How to build a local Copilot AI using Ollama
Ollama is an open-source framework that allows users to run large language models (LLMs) locally on their machine. It'`s designed to be easy to use, efficient, and scalable, making it a good option for developers and organizations that want to deploy AI models into production.
MacCopilot is a Copilot AI that can interact with desktop conveniently, which integrated with multi-platform LLMs support.
In this article, we'll show you how to build a local Copilot AI using Ollama and MacCopilot, and run the powerful MiniCPM-Llama3-V-2.5 model.
Install Ollama
Use prebuilt binary
Download model
In case you don'`t want to build Ollama and download models via the ollama cli, here is a prebuilt Ollama App which bundles Ollama and a model management UI together, making it super easy to set up everything.
First, download the Ollama App from the release page:Ollama downloader UI
Then open the Ollama app and download the model
Running
After downloading the model, we need to quit the Ollama app and run the model.
Open a Terminal, and run:
ollama serve
ollama run hhao/openbmb-minicpm-llama3-v-2_5:q4_K_M
Now we are ready to chat.
Build manually
The following example shows how to build Ollama with MiniCPM-Llama3-V-2.5 support.

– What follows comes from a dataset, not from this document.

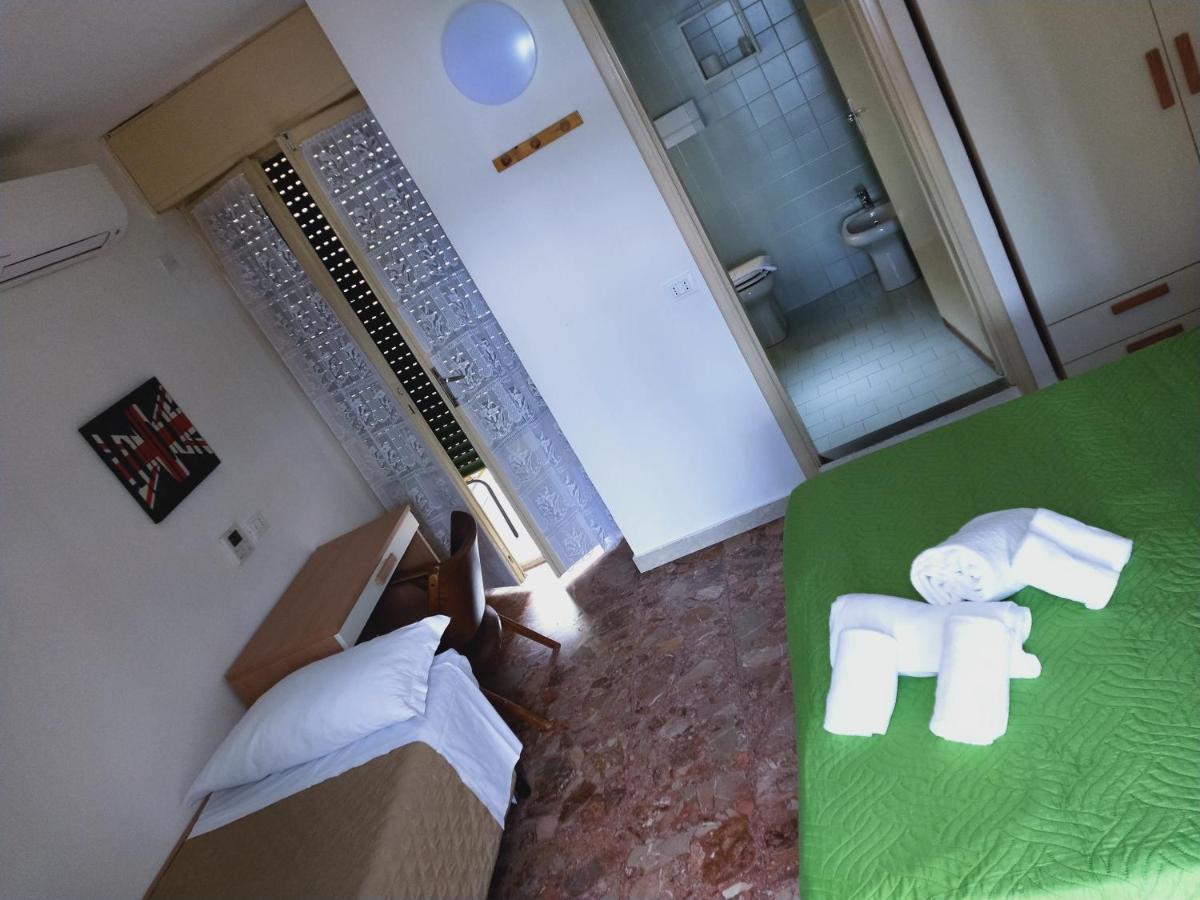 Hotel Diana Gardone Riviera Dış mekan fotoğraf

The OpenBMB team is engaged in preparing a PR for the Ollama official repository! For now, we need to run MiniCPM-Llama3-V 2.5 with the OpenBMB fork.
Install Requirements
- cmake version 3.24 or higher
- go version 1.22 or higher
- gcc version 11.4.0 or higher
Setup the Code
Prepare both our llama.cpp fork and this Ollama fork.
git clone -b minicpm-v2.5 https://github.com/OpenBMB/ollama.git
cd ollama/llm
git clone -b minicpm-v2.5 https://github.com/OpenBMB/llama.cpp.git
cd ../
Build
Here we give a MacOS example. See the developer guide for more platforms.
brew install go cmake gcc
Optionally enable debugging and more verbose logging:
# At build time
export CGO_CFLAGS="-g"
# At runtime
export OLLAMA_DEBUG=1
Get the required libraries and build the native LLM code:
go generate ./...
Build ollama:
go build .
Start the server:
./ollama serve
Running
Run:
ollama run hhao/openbmb-minicpm-llama3-v-2_5:q4_K_M
Ollama will pull the modelfile, and serve as an interactive chat.
Config on MacCopilot
Add an Ollama format model, and select the MiniCPM-Llama3-V-2.5
Now we can chat with MiniCPM-Llama3-V-2.5 via Ollama.